The Labelles were already breeding, raising and training Morgan horses, selling them across Canada and the United States. They then began reading up on miniatures and started training them for ground driving. As the herd size increased, they were readily able to sell some of the minis, particularly those trained for agility and driving, and today their reputation for raising well-mannered and well-cared-for horses continues to grow.
“It starts with human contact the day they’re born,” says Esther. She keeps records of when the mares are bred, and as it gets close to their due date, she prepares a maternity ward in the barn complete with several cameras. Television monitors, connected to the cameras, are set up in a trailer nearby so she can keep an eye on the expectant mothers at night. “I can tell by their breathing when they’re going into labour. I’m a light sleeper, so I pick it up right away.”

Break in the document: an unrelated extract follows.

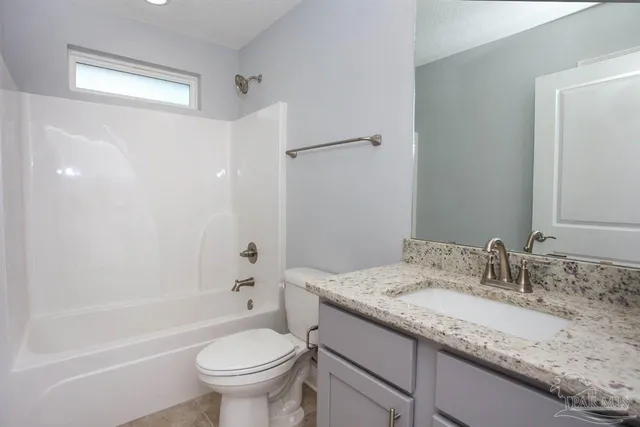 a bathroom with a granite countertop sink a toilet and shower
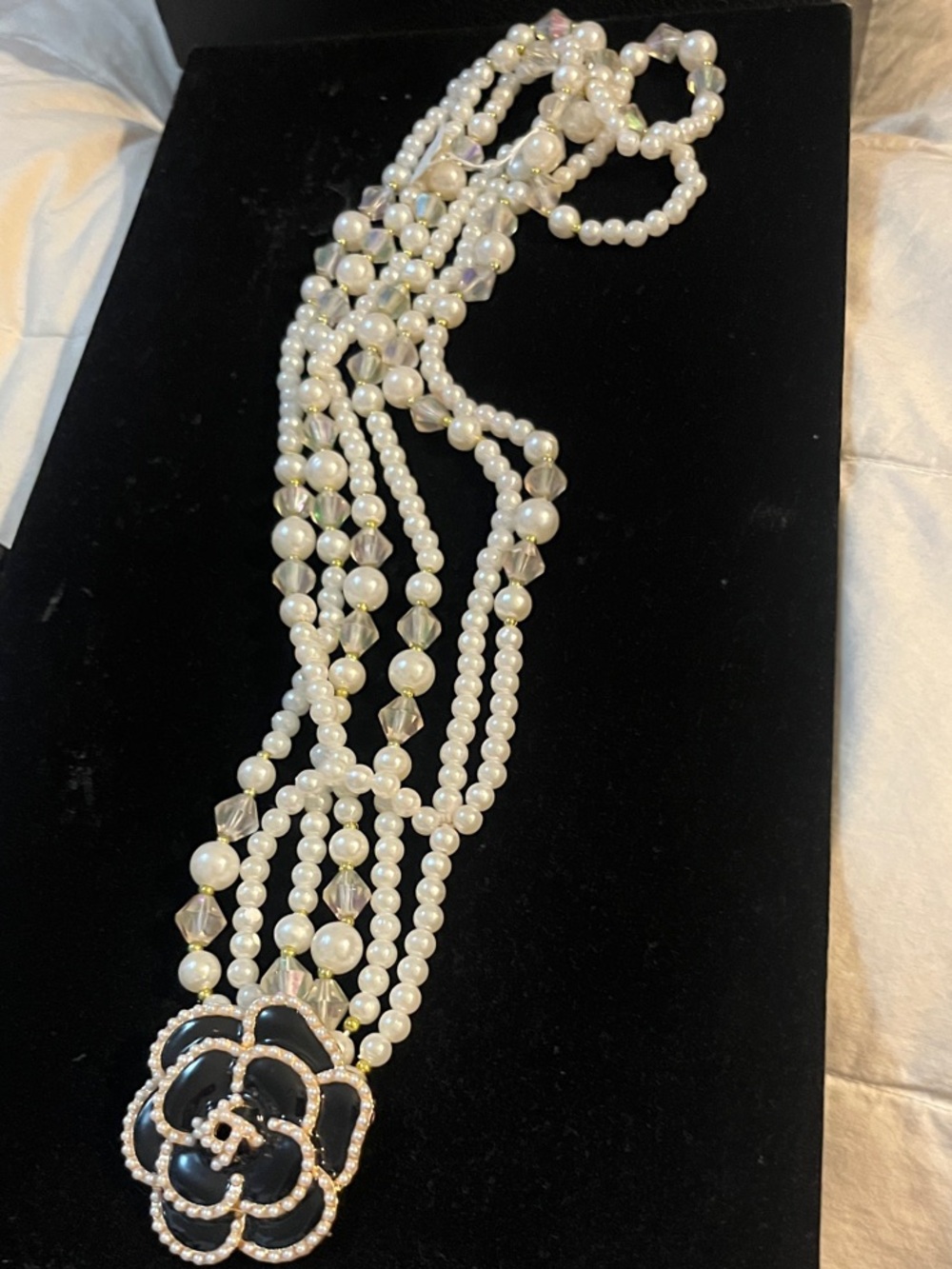 Elegant Multi-Strand Pearl Necklace with Black Flower Accent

Esther spends the first couple of hours bonding with the newborn foal and its mother. “With human contact and working with the animals, they develop that trust in you and do anything you want.”

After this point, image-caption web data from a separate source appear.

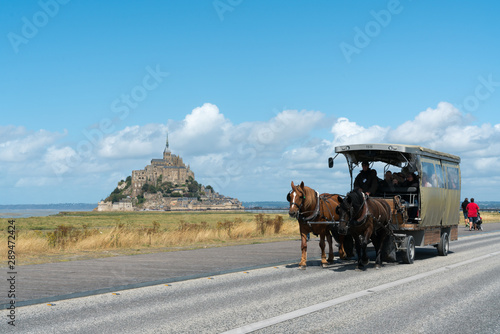 horse and carriage transporting tourists to the famous Mont Saint-Michel in northern France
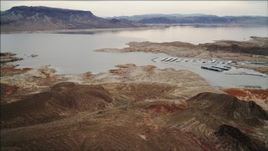 4K aerial stock footage of flying along the shore of Lake Mead with docks, Nevada Aerial Stock Footage | DCA04_093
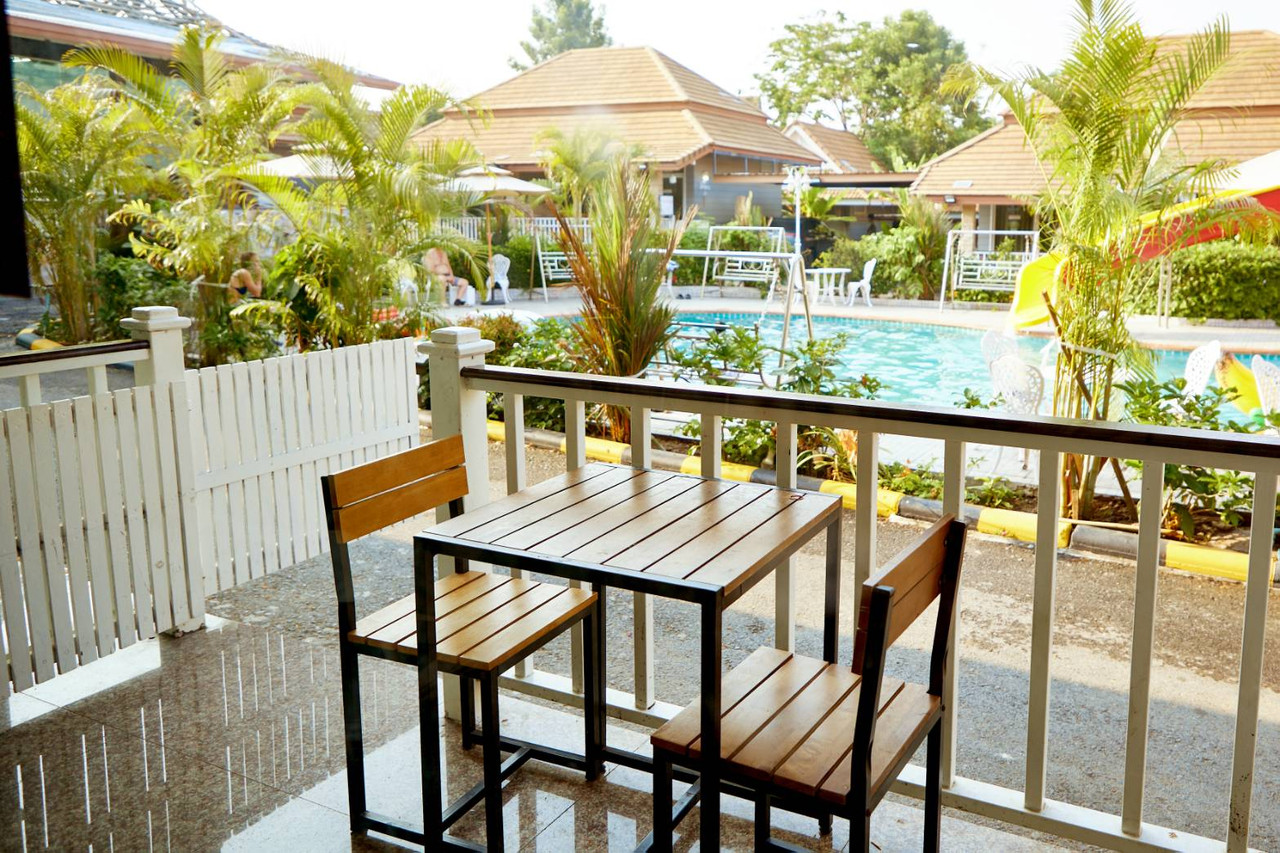 ระเบียงโต๊ะไม้มองออกไปเห็นสระว่ายน้ำกลางแจ้งและบังกะโลของ Baan Dara Resort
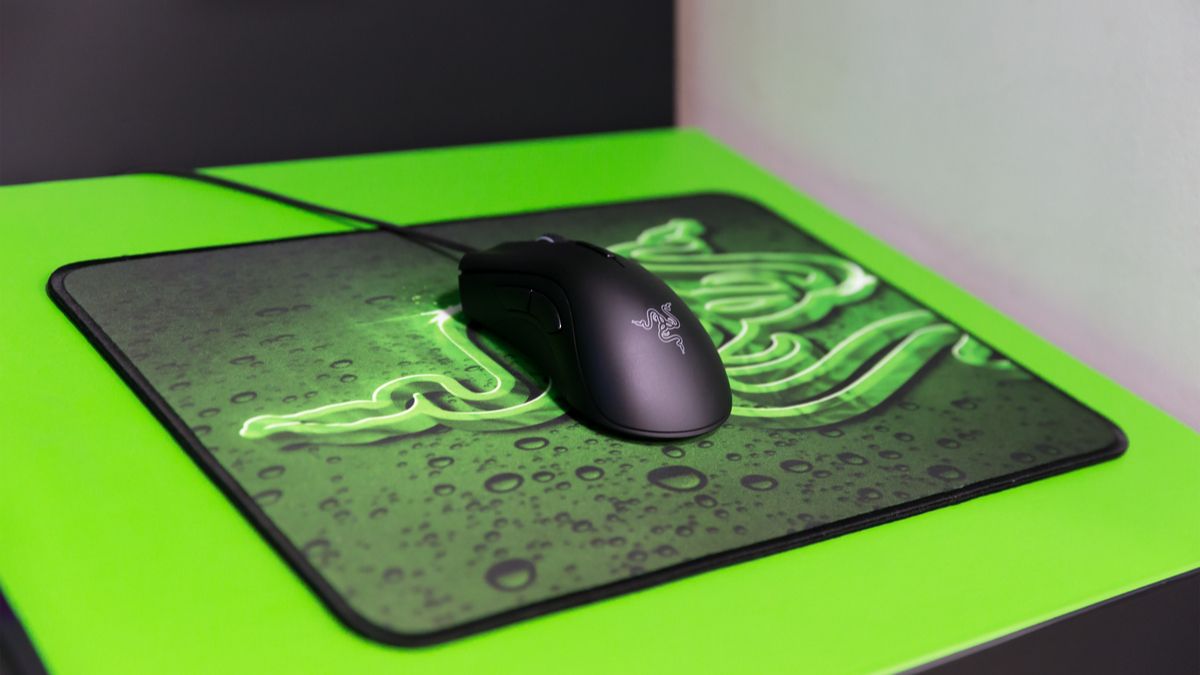 Razer gaming mouse on a mouse pad featuring the Razer logo.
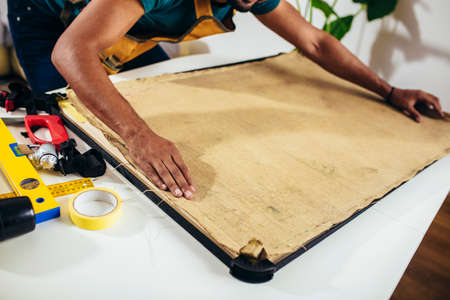Craftsman working on frame for picture at homeの写真素材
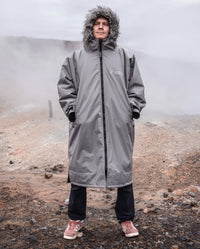 Man stood on misty hill, wearing dryrobe Advance Long Sleeve Alpine Range change robe in Alpine Graphite with hood up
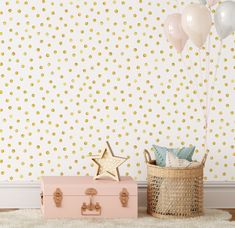 two suitcases with balloons in front of a polka dot wallpaper and a basket on the floor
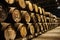 Old aged traditional wooden barrels with wine in a vault lined up in cool and dark cellar in Italy, Porto, Portugal, France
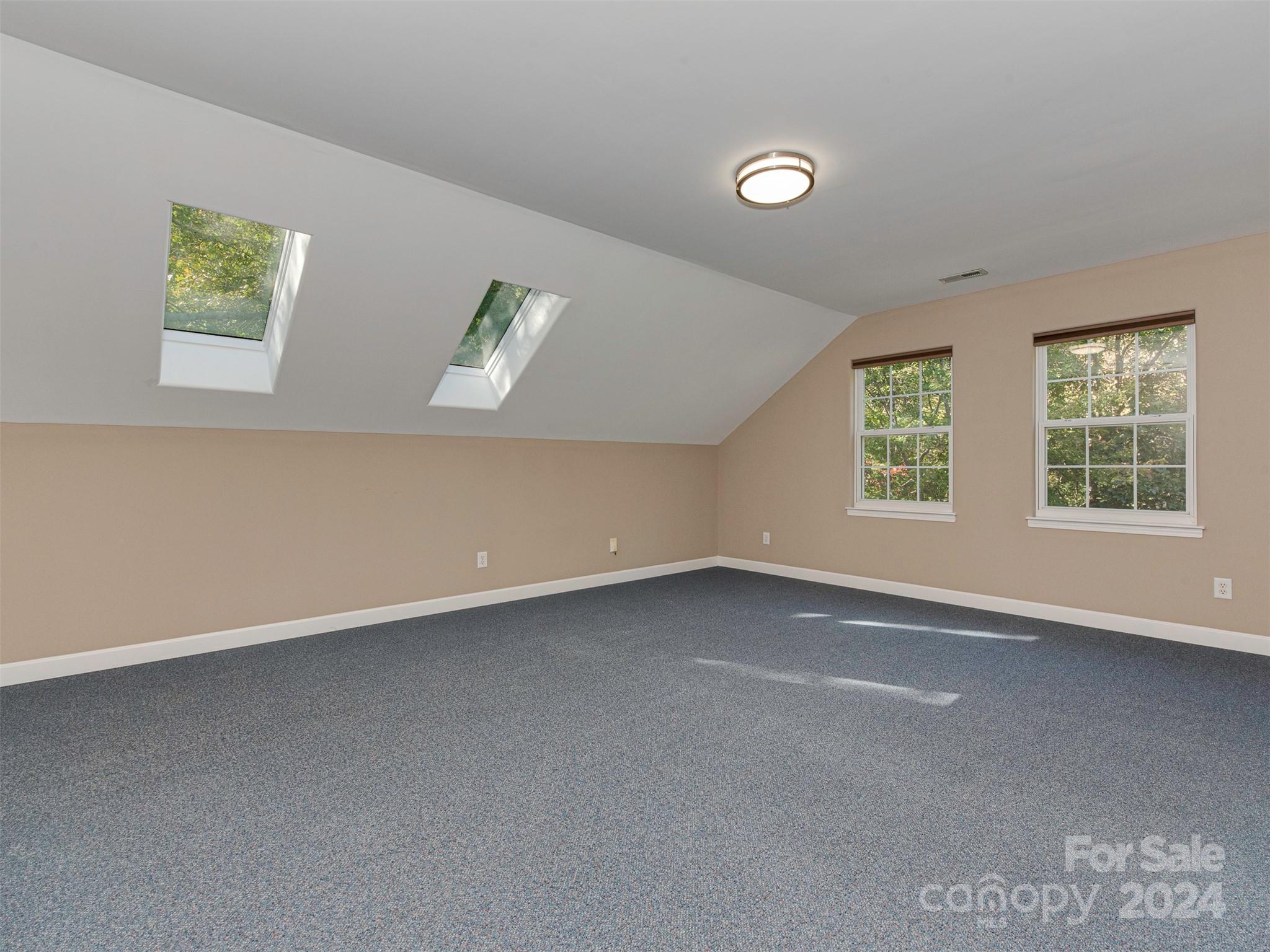 4801 Steepleton Way Charlotte, NC 28215 - Photo 14 of 28 an empty room with windows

The Labelles use the method of least resistance. This means that when training the horse, the handler is continually reading the animal and responding accordingly. “When you want them to do something, you make it easy; when you don’t want them to do something, you make it awkward. They want to please you,” Gilles says.
“Every horse has his or her own personality. One will take to training really quickly, another not so quick. You have to be consistent and persistent. If you tell the horse one day he can’t do this, but the next day you allow it and the day after that you punish him, the horse becomes totally confused.
“Also, if you tell the horse, ‘you’re going on the right-hand side of that pylon,’ stick with it, whether it takes five minutes or five hours, he’s got to go on the right-hand side. You have to be proactive; you can’t be reacting to the horse. They are very good at reading your body language,” Gilles says.
Miniature horses are hardy and adaptable. They are dewormed spring and fall, and immunized every spring for eastern and western swamp fever and tetanus. Gilles does the hoof trimming. He also builds much of his own equipment, such as eveners, poles, neck yokes, racks for the wagons, and runners for the sleighs.
The Labelles are members of the American Miniature Horse Registry and the American Miniature Horse Association. They take the horses to functions such as the Equine Expo and parades, but do not participate in horse shows. “We’re not in it for the competition. We want to be involved with them for the fun of it, and entertain people to also enjoy them,” says Esther.
The Labelles were instrumental in establishing the province’s first Fun Time Miniature Horse Club. The club, geared for children, has a membership of about 50, half of which are children.
“Working with horses is both relaxing and satisfying. When I was still working off the farm, I’d come home after a bad day, and the horses just totally changed my outlook. They never talk back or get angry with you,” says Esther.